This is a very broad question, although it may not seem so. Two comments:
You say "The coefficient of determination is" but whether the formula you give acts as a definition of fundamentals for anyone is unclear. I'd characterise it rather as one of several available computing formulas.
You ask "Why is this used" but that confuses or conflates the question of why the coefficient of determination is used at all with why the particular formula you cite might be used.
For me, the attractions of $R^2$ lie in being (a) a simple and single measure linked to the correlation coefficient $r$ or an analogue of that and (b) free of the units of measurement of the original variable. In multiple regression, the correlation concerned is between the values observed and those predicted from the model.

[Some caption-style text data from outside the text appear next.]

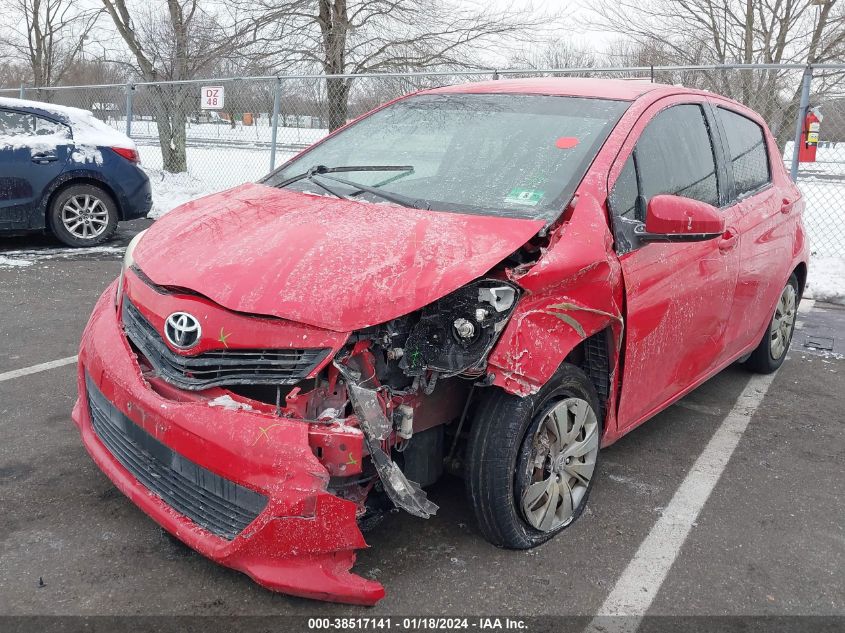 2013 TOYOTA YARIS L - JTDKTUD39DD556110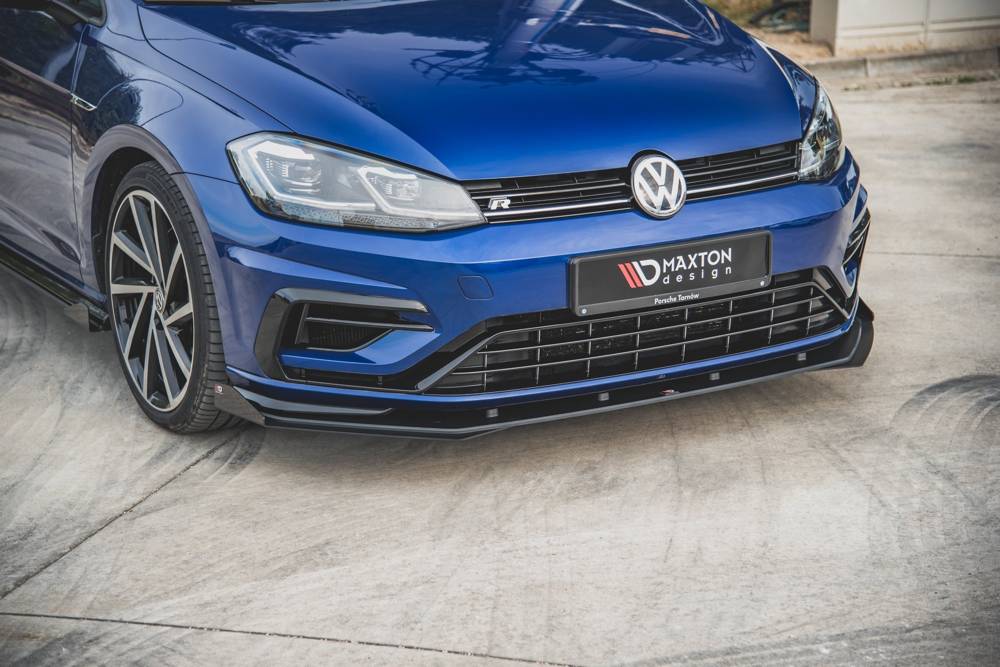 Voorspoiler passend voor VW Golf 7 R/R-Line Facelift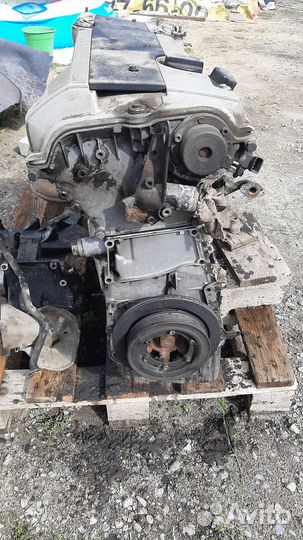 Двигатель Mercedes W210 Мерседес 210 M104 3.2L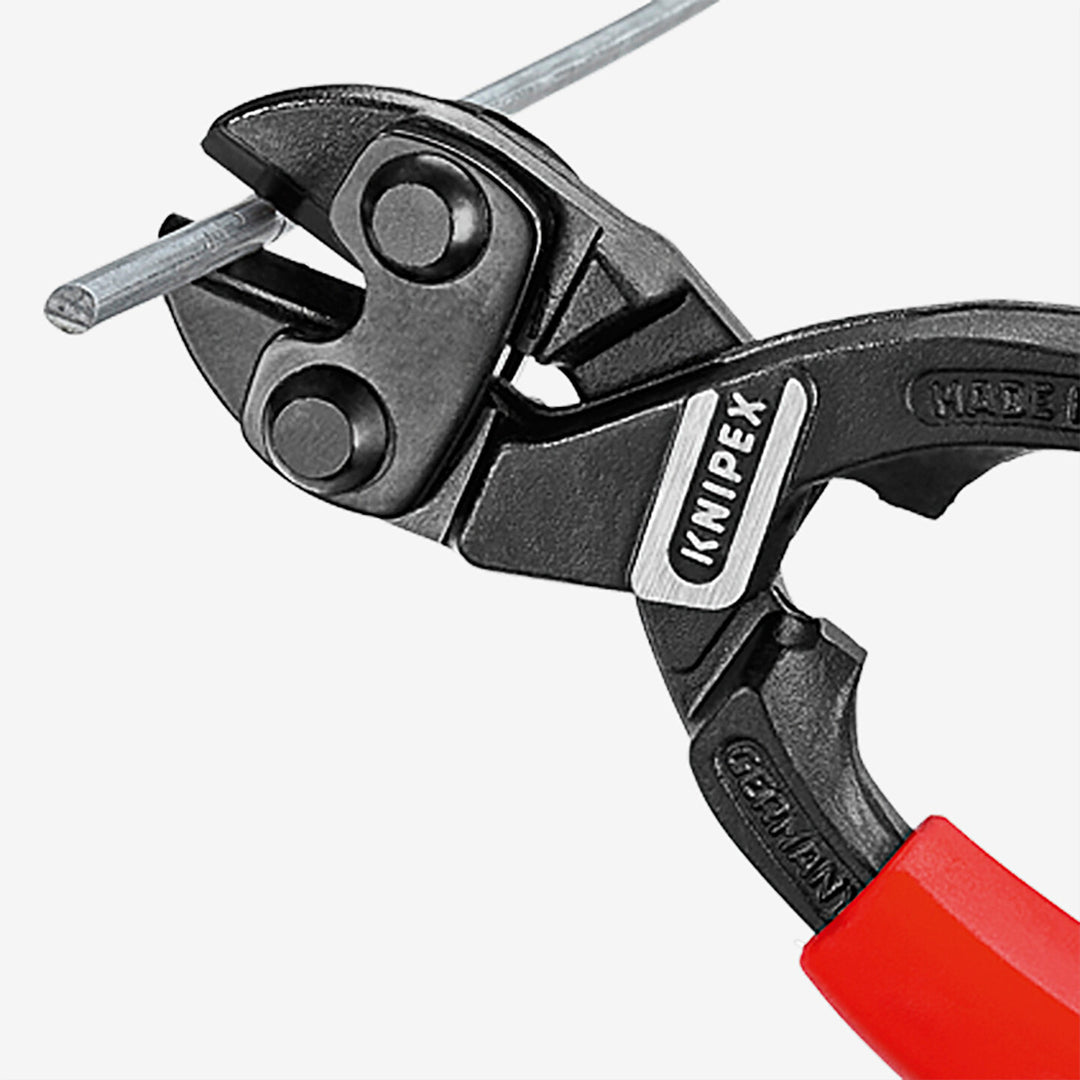 Knipex Fosfat Kaplama 200 mm CoBolt Kompakt Mafsallı Keski Siyah 4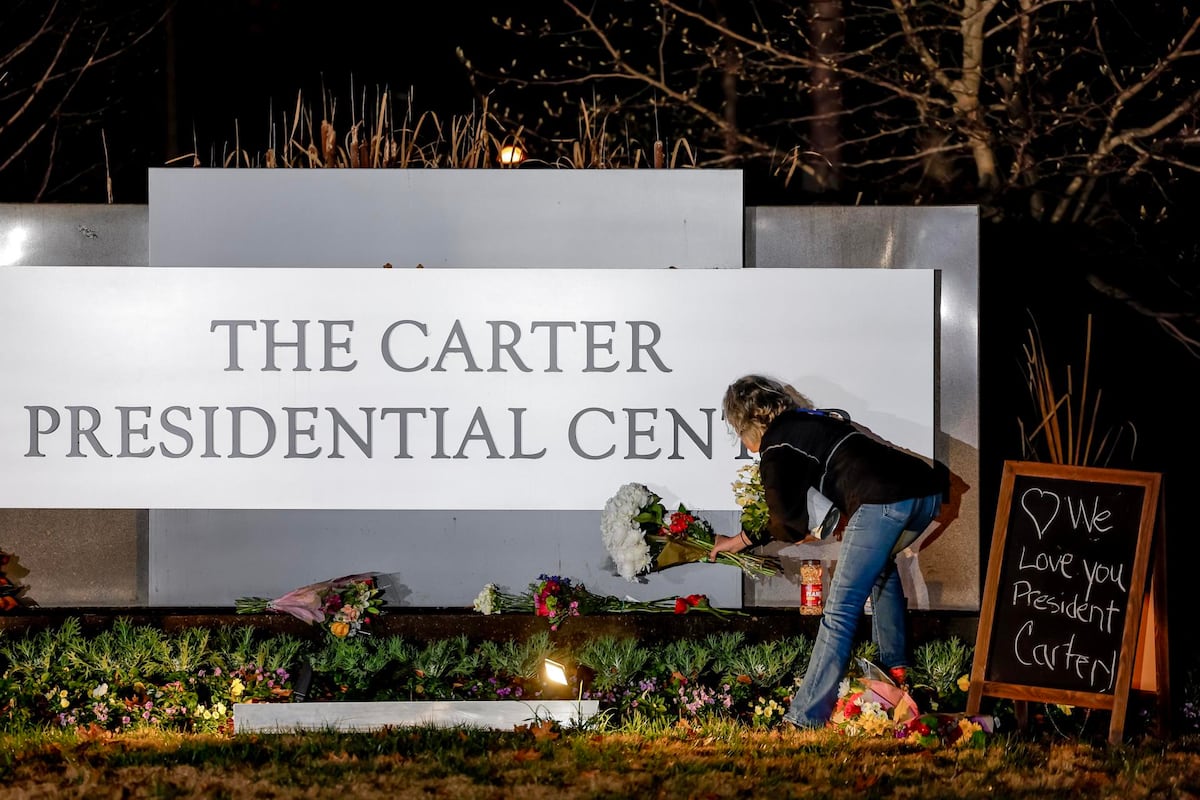 Funeral del expresidente Jimmy Carter se realizará el próximo 9 de enero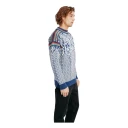 Dale Of Norway 1994 Masculine Sweater Indigo Mustard Botttlegreen L
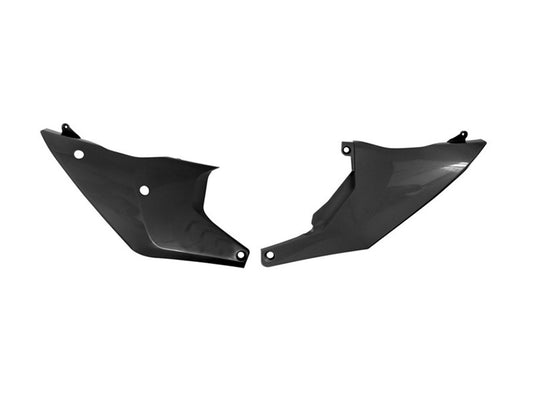 Tabelle Laterali Racetech HUSQVARNA 125/150/250/300/350/450/501 2024-2025 NERO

The disadvantages of $R^2$ are precisely the same points: no summary measure can capture all the virtues and limitations of a regression and there is often much point in summarising lack of fit on the scale of the measured response.
To that end, $SS_\text{res}/n$ is, contrary to your implication, often used, if indirectly. Summarising the residuals by mean square is at base a good idea, although its square root is a better one on dimensional grounds and for detailed technical reasons there is a case for using a divisor which is the sample size minus the number of parameters fitted. (Looking at the detailed pattern of the residuals is usually an even better idea.)
More broadly, $R^2$ is often over-valued in that a low $R^2$ may be a worthwhile achievement and a high $R^2$ a scientific or practical failure. Much depends on what is interesting, useful and possible scientifically or practically.